Monday, June 28, 2010

Fine, I'll Just Boycott

One of my best friends, introduced me to a fascinating consumer strategy: boycotting. Her family has a long and storied history of boycotting that began the day that her father was denied help by attendants at a Shell gas station. The year was 1948 and her father and his friend were ice fishing on a cold winter day. Her father fell through the ice, but luckily his friend was able to pull him out. They set off on foot for help, and the first place they came to was a Shell gas station. They asked to to use the phone, but the Shell attendant yelled at them to leave.
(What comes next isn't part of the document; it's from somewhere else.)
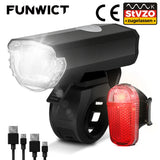 FUNWICT Bicycle Light Set USB StVZO Headlight LED Cycling Front Rear Lamp MTB Electric Bike Taillight Mountain Bike Accessories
Her father eventually got help, but he never forgot the way that Shell abandoned him in his hour of need. And so he began the Shell Boycott, and he taught his family to boycott with loyalty and honor. On one particularly memorable family outing, he drove right past three Shell gas stations despite the fact that the car was running on fumes. A boycott is a boycott, regardless of convenience. To this day, when the family feels that an injustice has been served, they boycott.
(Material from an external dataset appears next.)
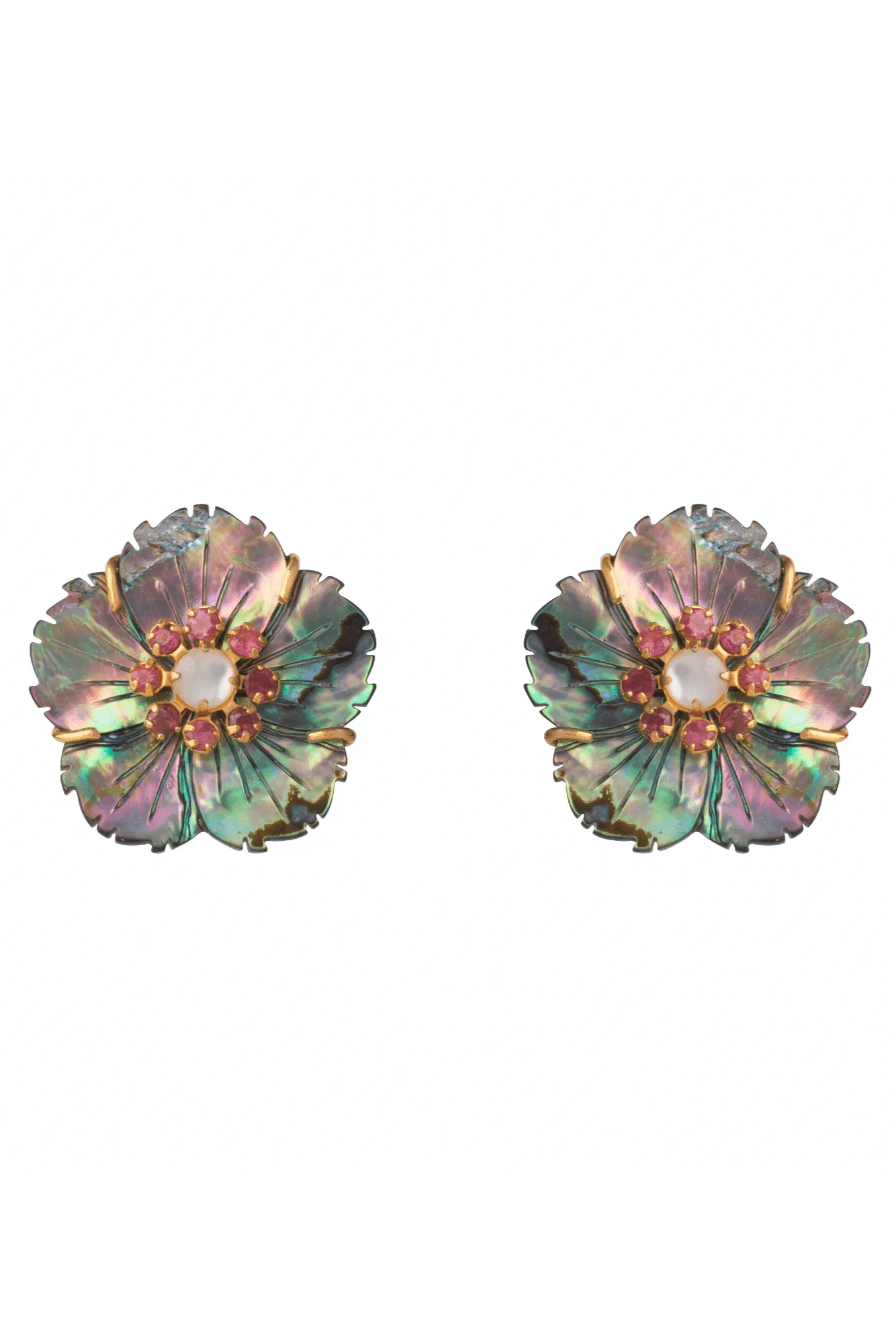 Grey Pearl Flower Earrings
I first heard this boycotting tale during the spring of my first year at business school. I was still recruiting for a summer internship (even as a first year, I was a late bloomer), but I had a couple of promising prospects. One of those was a marketing role with a major fast food company. Because I wasn’t a local candidate, I had several rounds of phone interviews. For the first round, I spoke with a recruiter and for the second round, I interviewed with several marketing managers. During my second set of phone interviews, they put me through the wringer. I wasn’t asked a softball question like what my favorite brand was or asked to provide an example of what I thought was a poorly designed advertising campaign; no, I was calculating breakeven ROI in my head (Excel wouldn’t load quickly enough since I still had Crystal Ball installed on my computer – rookie mistake). I held my own, though, and managed to crank out the numbers. At the end of the interview, I was given a decision timeline.
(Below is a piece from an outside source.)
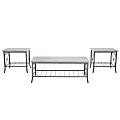 Powell Hepburn 3-Piece Table Set, Whitewash/Gray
The requisite two weeks passed, and still I heard nothing. I called the recruiter to touch base and she was very apologetic as she explained that management had been away for Fastfood-a-palooza. Because they had been busy crowd surfing to french fry chants, they hadn’t had a chance to review intern candidates, but she promised that they would make a decision very soon. Another two weeks passed, and still there was nothing but silence on my end. At this point, I realized that a decision had been made and the decision was no. However, I was irate that nobody had even bothered to send me a generic email update. I had spent close to three hours on the phone interviewing with members of their team and countless more hours doing interview prep; the least they could do was acknowledge me with a polite decline.

I was only a first year so I hadn’t yet developed the thick recruiting skin that I have now. My baseline assumption was that companies would treat me as a valuable candidate whether or not they ultimately decided to bring me on board. By the middle of my second year at business school, I adjusted my ideas regarding recruiting, and I began to assume that companies would decline to get back to me if they had decided not to move forward with my candidacy. I found myself pleasantly surprised when I would actually receive the polite refusal email. “How thoughtful,” I would find myself thinking. “It was truly considerate of the recruiter to send me a three sentence email to inform me that they had decided to make an offer to another candidate. Gee, all I did was set up calls with a couple of alums at the company, research the company online, travel cross country to get to company headquarters, and interview all day with members of the team, all on my own dime.”

As an applicant, I generally felt powerless; the companies seemed to hold all the cards. However, I eventually realized that perhaps that wasn’t the case. I relayed the story of my silent rejection to my friend and she listened thoughtfully. Then a wide grin stole across her face as she gleefully announced “BOYCOTT!” and proceeded to explain her family's tradition of boycotting.

Admittedly, the boycott would have a rather limited financial impact as I never really ate much fast food to begin with, but that detail is beside the point. The main goal that a boycott would accomplish is a psychological one. Namely: I am not purchasing your products because I was disinclined to do so in the first place; no, I am rejecting your brand in order to relay the message that your company sucks at life.

Unfortunately, when you are interviewing with as many companies as I am, and summarily boycotting all products made by those that rejected you, you quickly find that shopping becomes a challenge. I can’t buy half of the products in grocery stores, and the deodorant category leaves me in dire straights. I am a stubborn human being, though, so I pressed on and made substitutions as necessarily to support my boycotts.

A severe blow was dealt to my boycotting strategy when I was rejected by one of my favorite retail stores. I began to rationalize that perhaps I could make an exception. Just because they didn’t recognize talent didn’t necessarily mean that I had to cut them out of my life entirely. We could still be friends, right? My enthusiasm for boycotts collapsed completely the day that one of my favorite cosmetic brands refused me. There was NO WAY that I was going without mascara and skin toner.

I hang in head in shame, knowing that I do not have the boycotting fortitude of my friend's family. At least my teeth will be minty fresh, my skin glowing, and my hair shiny. Disgrace looks good on me.